Russia-Iran intelligence has been building for years
Zelensky’s allegation lands on top of a longer trail of cooperation between Moscow and Tehran. In July 2022, the White House said Iran was preparing to supply Russia with drones and to train Russian forces to use them, one of the earliest public signs that the Ukraine war was forging a more operational Russia-Iran axis.
By mid-2024, the relationship appeared to be moving beyond one-way drone shipments. Reuters reported in August 2024 that Russian personnel were training in Iran on the Fath-360 ballistic missile system, a development Western officials described as a possible escalation in Tehran’s support for Moscow’s war in Ukraine.
The political framework hardened, too. A January 2025 Reuters explainer on Russia’s strategic treaties noted that Moscow had signed a strategic partnership treaty with Iran as it deepened ties with other U.S. adversaries. Taken together, those steps suggest Zelensky is not describing an isolated maneuver but a mature relationship that can be used for pressure, bargaining and signaling across multiple theaters.

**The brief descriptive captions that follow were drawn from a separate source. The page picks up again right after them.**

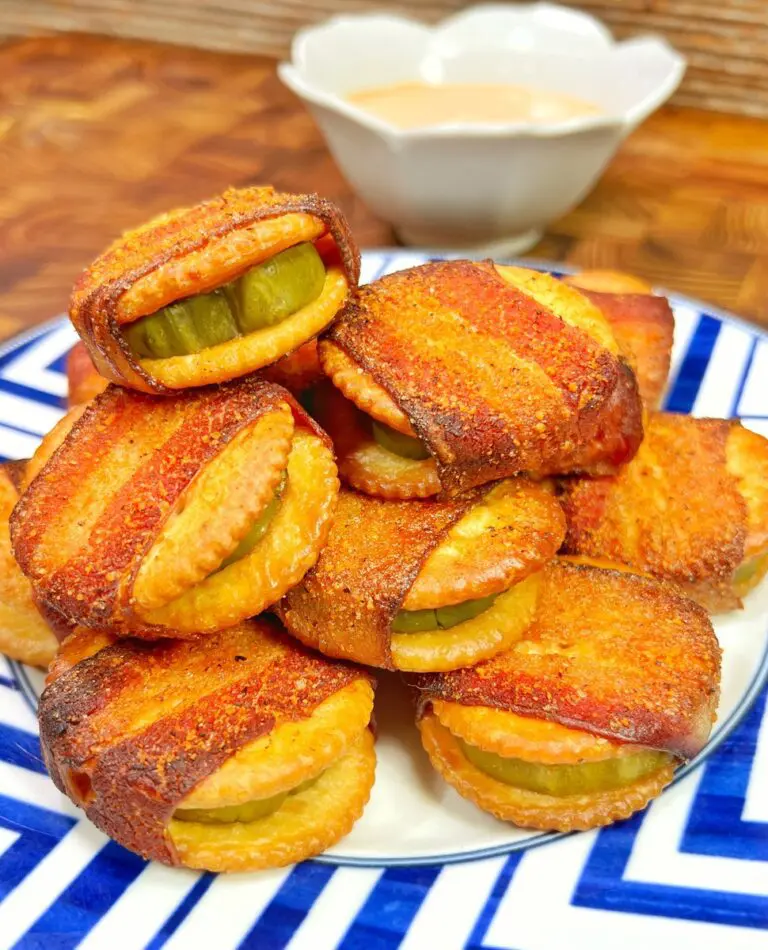 A plate stacked with golden-brown mini sandwiches of pickles wrapped in bacon and seasoned. In the background, a small, white bowl contains a creamy dipping sauce. The plate sits on a blue and white patterned surface.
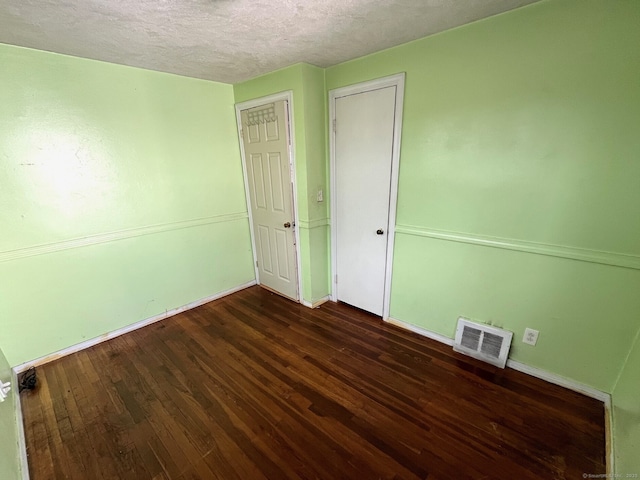 unfurnished room featuring a textured ceiling and dark hardwood / wood-style floors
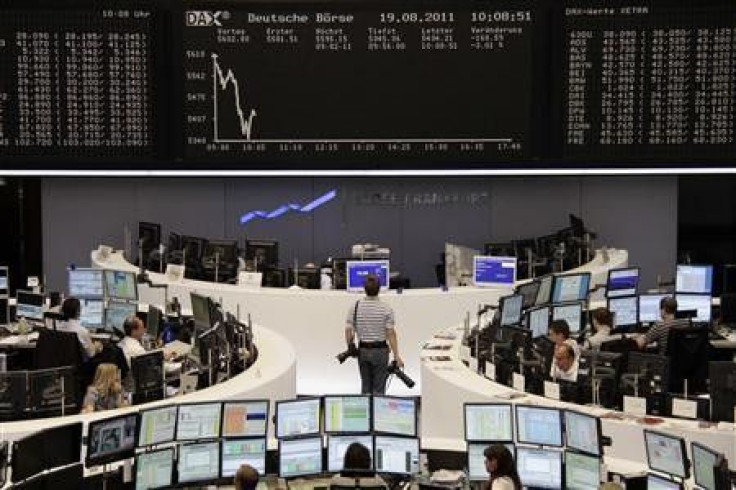 A photographer looks at the DAX index board at Frankfurt&#039;s stock exchange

What Zelensky is trying to achieve
For Kyiv, the message is aimed at more than Moscow. Zelensky appears to be telling Washington and European allies that any attempt to separate Ukraine from the wider security picture misses how tightly the crises now overlap. If Russia can present intelligence support for Iran as a tradable asset, then U.S. intelligence support for Ukraine becomes more than battlefield assistance; it becomes part of a broader contest over whether Moscow can leverage one conflict to gain advantage in another.

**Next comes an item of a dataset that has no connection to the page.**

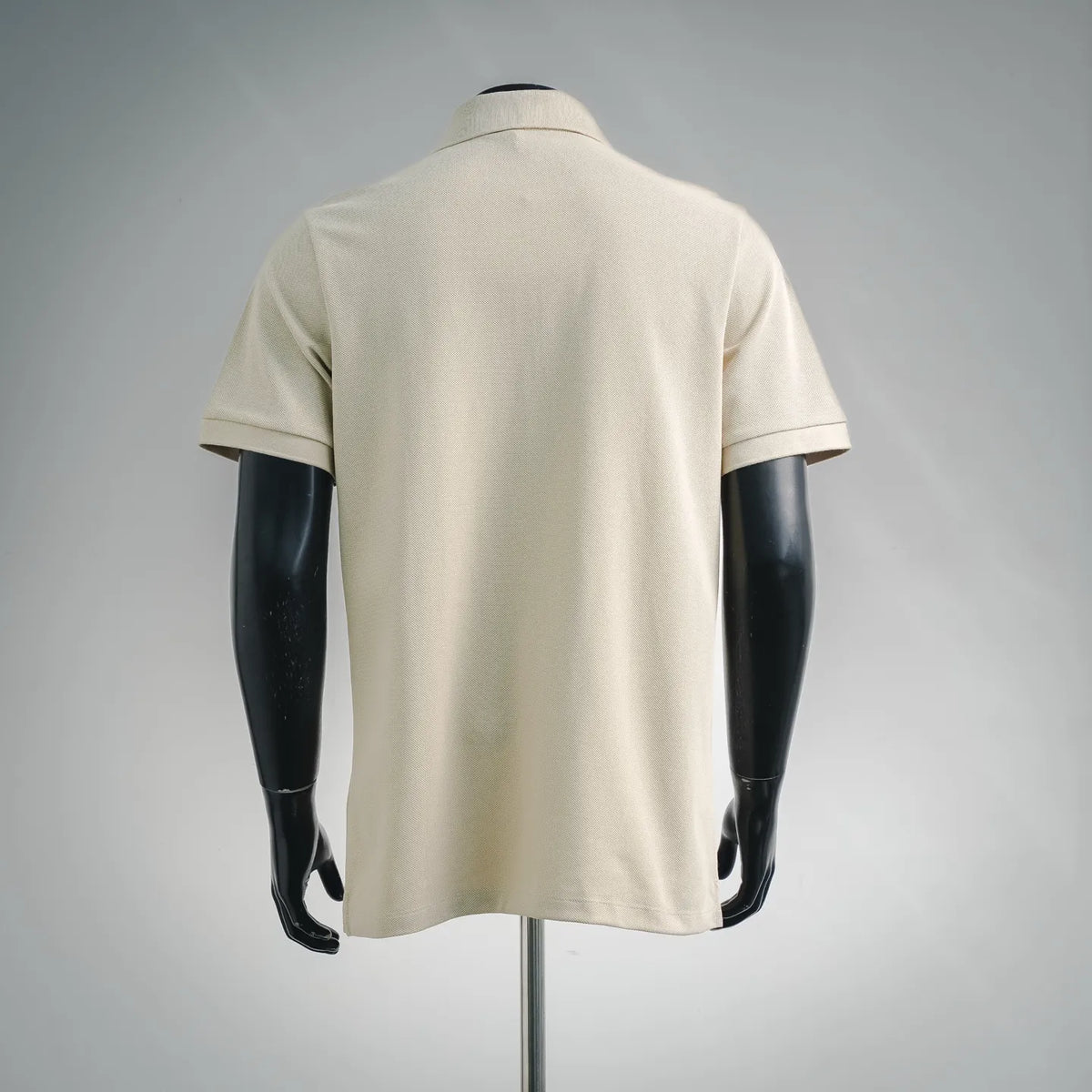 Cream polo shirt back view with short sleeves and curved collar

That framing also serves Ukraine’s diplomatic needs as U.S. policy grows more transactional and pressure for concessions intensifies. By tying Russia’s conduct in the Middle East to the war in Ukraine, Zelensky is trying to keep Kyiv central to the conversation and to argue that weakening Ukraine would not insulate Washington from the fallout of Russian-Iranian cooperation.
The immediate facts remain disputed. Zelensky says the intelligence is solid but has not released it publicly, and Russia denies helping Iran target U.S. interests. Still, the allegation fits a pattern that has become harder to ignore: what began as drone cooperation has, over nearly four years, expanded into a broader Russia-Iran partnership with military, technical and strategic dimensions.